As bishops, we need to attend, thoughtfully and constantly, to the way in which the Council exhorted us to give both the religious and laity their rightful place and share in the mission of the Church. Much of the Council's intention has been identified and codified in Church law. Religious and laity assist us well in our chanceries and tribunals, and on our diocesan financial and pastoral councils. We should continue to encourage our pastors to ensure that their gifts are well recognized and called forth in their parishes. The opportunities for the laity to assist us are great and we need to seize upon them in order to fulfill effectively the mission the Lord has given us.

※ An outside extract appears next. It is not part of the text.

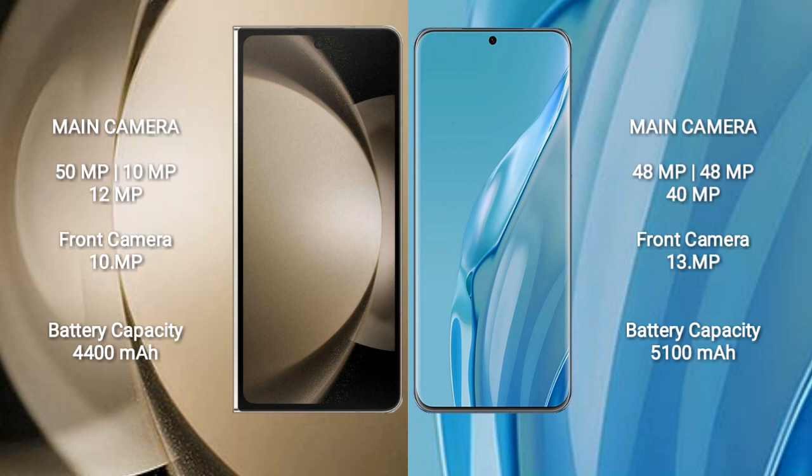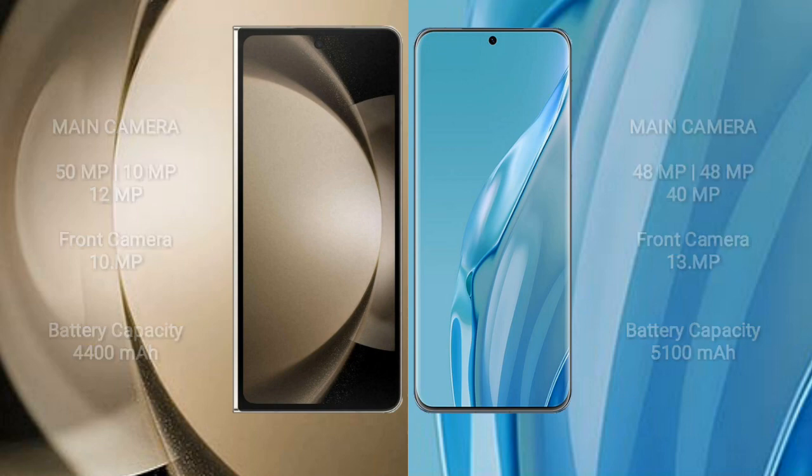Samsung Galaxy Z Fold 5 has a 4400mAh battery with 25W fast charging support. Huawei P60R has a 5100mAh battery with fast charging support.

As president of our Conference during the past year, I have been particularly privileged to witness the extraordinary contribution of the religious and laity at the national level. I think first of the very talented lay men and women who serve us at the Conference in Washington, Miami and New York. I include here my own faithful lay colleagues in the Diocese of Belleville. I also acknowledge the very gifted laity who serve at our Catholic national organizations in the areas of health, disabilities, education and social services. In a special way, I want to express my thanks to the members of our recently established National Review Board for the generosity and expertise that they bring in assisting us in the protection of our children.

If you want to watch the bishops, you can access the EWTN coverage here.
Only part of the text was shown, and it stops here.